## [TASK INSTRUCTIONS]
Every line of the material needs an exact copy, apart from the images.
◇ ◇ ◇ ◇ ◇
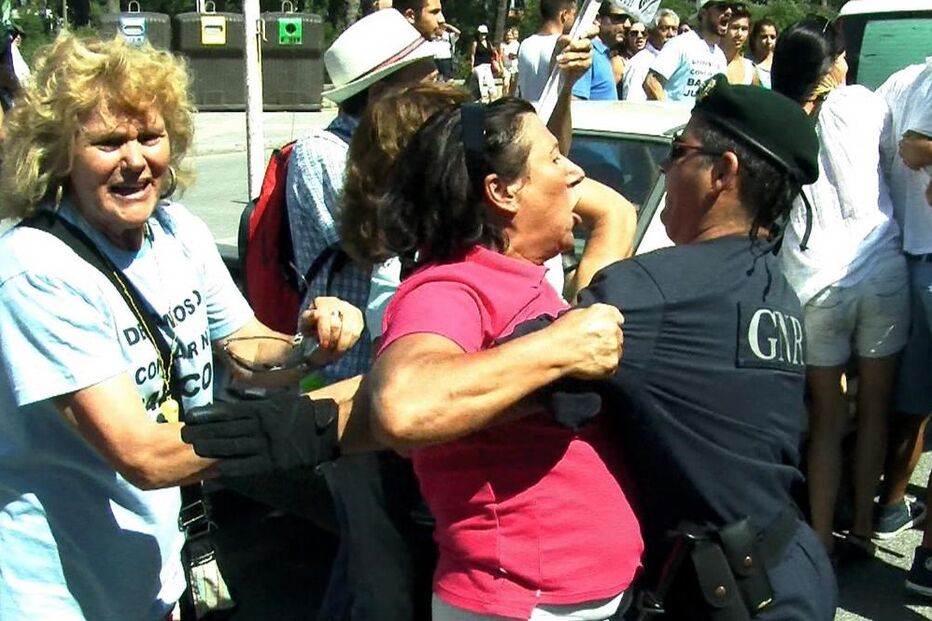 lesados BES, Novo Banco, protesto, economia, fotogaleria, banca, banco de Portugal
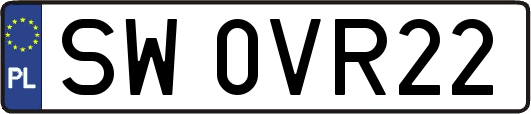SW0VR22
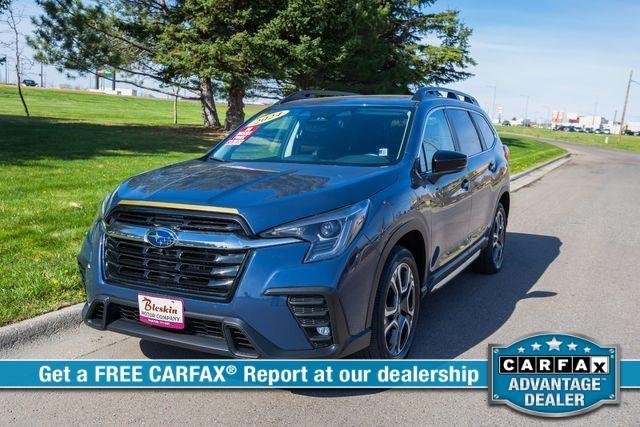 used 2024 Subaru Ascent car, priced at $36,995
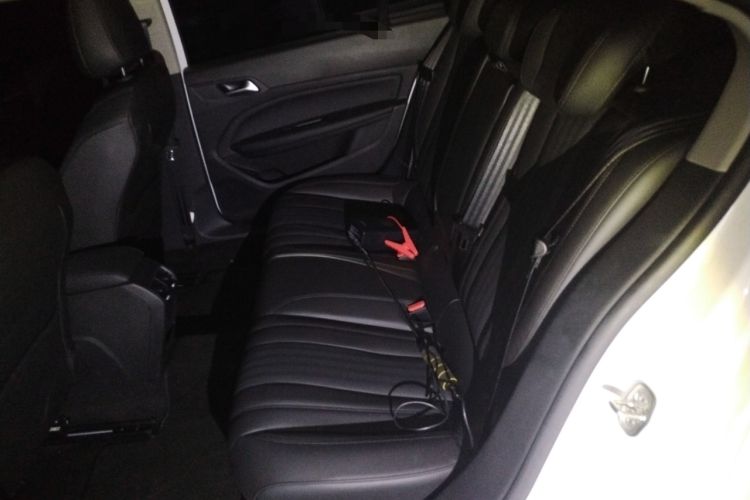 Used Peugeot 408 2022 1.6T Dream Edition Left Rear Seat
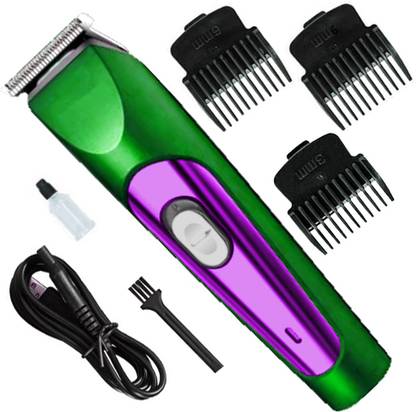 DFSF rechargeble hair trimmer for men & women Runtime: 480 min Trimmer for Men Trimmer 480 min  Runtime 1 Length Settings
◇ ◇ ◇ ◇ ◇
## [SOLUTION BELOW]
 lesados BES, Novo Banco, protesto, economia, fotogaleria, banca, banco de Portugal
SW0VR22
 used 2024 Subaru Ascent car, priced at $36,995
 Used Peugeot 408 2022 1.6T Dream Edition Left Rear Seat
 DFSF rechargeble hair trimmer for men & women Runtime: 480 min Trimmer for Men Trimmer 480 min  Runtime 1 Length Settings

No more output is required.